Il credo di Pierre Brochant, ricchissimo editore parigino, è riassunto in questo semplice concetto.
Ogni mercoledì, infatti, Brochant partecipa alla famigerata Cena dei Cretini: una cena, appunto, durante la quale ignari sprovveduti - i "cretini" di turno - invitati con una scusa qualunque, sono sbeffeggiati e derisi a loro insaputa da lui e dai suoi sadici amici.
Brochant questa volta è raggiante: ha per le mani un cretino veramente a prova di bomba!
Il diavolo, tuttavia, si sa: fa le pentole, ma non i coperchi...
E quando l'editore, pregustando il "colpaccio", ma bloccato in casa da un inaspettato colpo della strega, riceve il mite François Pignon - impiegato al Ministero delle Finanze e fanatico costruttore di modellini coi fiammiferi - la situazione precitpita!

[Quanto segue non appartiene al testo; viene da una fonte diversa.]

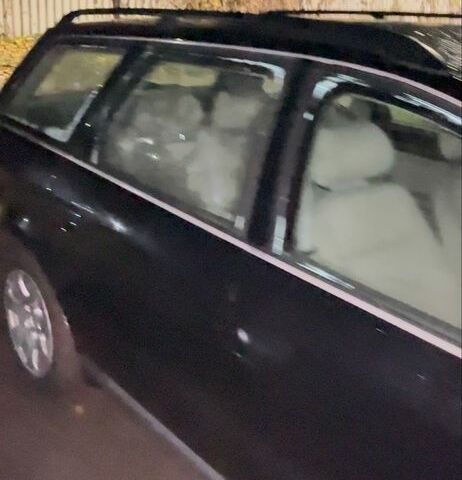 Черный Ауди А6, объемом двигателя 1.9 л и пробегом 271 тыс. км за 2500 $, фото 1 на Automoto.ua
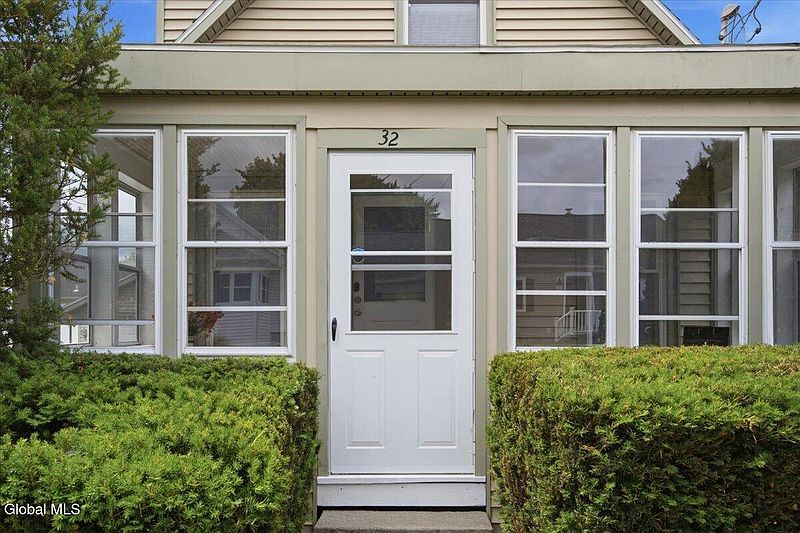 4th image of 32 Orchard Avenue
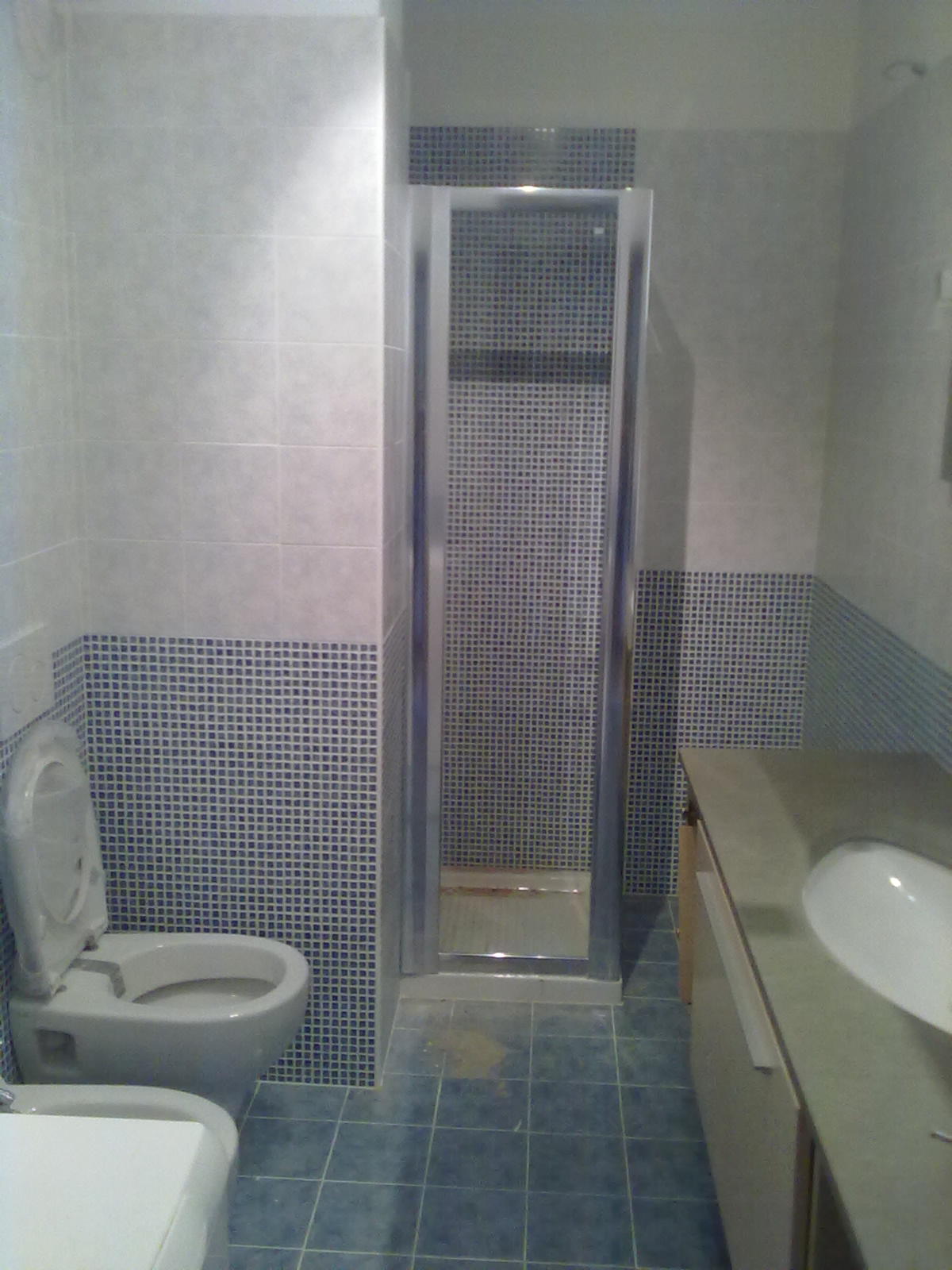 Rifacimento Bagno Con Mosaico Blu Verona 82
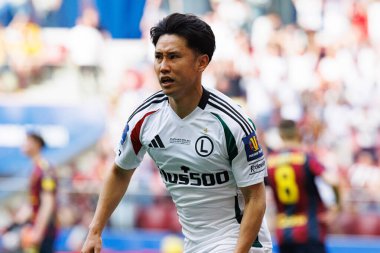 Ryoya Morishita 2025 Polonya Kupası finalinde Legia Warszawa ve Pogon Szczecin (Maciej Rogowski) takımları arasında görüldü.)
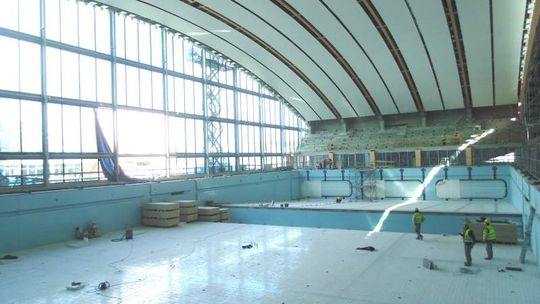 Lublin: Nowy basen stroi się w płytki. Budowa potrwa dłużej (zdjęcia)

Il buonissimo Pignon, del tutto fuori dal suo ambiente e non avvezzo alle sordide trame della Parigi-bene, sgretolerà inesorabilmente a colpi di candore il piedistallo di Brochant - alla completa mercè della sua vittima predestinata - trasformandosi in una micidiale e infallibile macchina combina-guai!
L'autore
Francis Veber nasce a Neuilly-sur-Seine, vicino a Parigi, il 28 luglio 1937. La sua è una famiglia di letterati (è nipote di Tristan Bernard) e anche Francis si appassiona fin da giovane alla scrittura.

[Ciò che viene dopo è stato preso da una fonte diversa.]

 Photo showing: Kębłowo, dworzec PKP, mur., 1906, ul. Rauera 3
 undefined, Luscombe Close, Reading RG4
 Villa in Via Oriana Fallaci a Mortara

Passa dal giornalismo alla redazione di sketches, di pièce teatrali, racconti e romanzi, approdando infine al cinema come sceneggiatore e dialoghista prima di lanciarsi nella regia.
Ha raggiunto la fama internazionale con alcuni grandi successi quali La capra, Les compères - Noi siamo tuo padre, Due fuggitivi e mezzo, La cena dei cretini, L'apparenza inganna, Stai zitto... non rompere.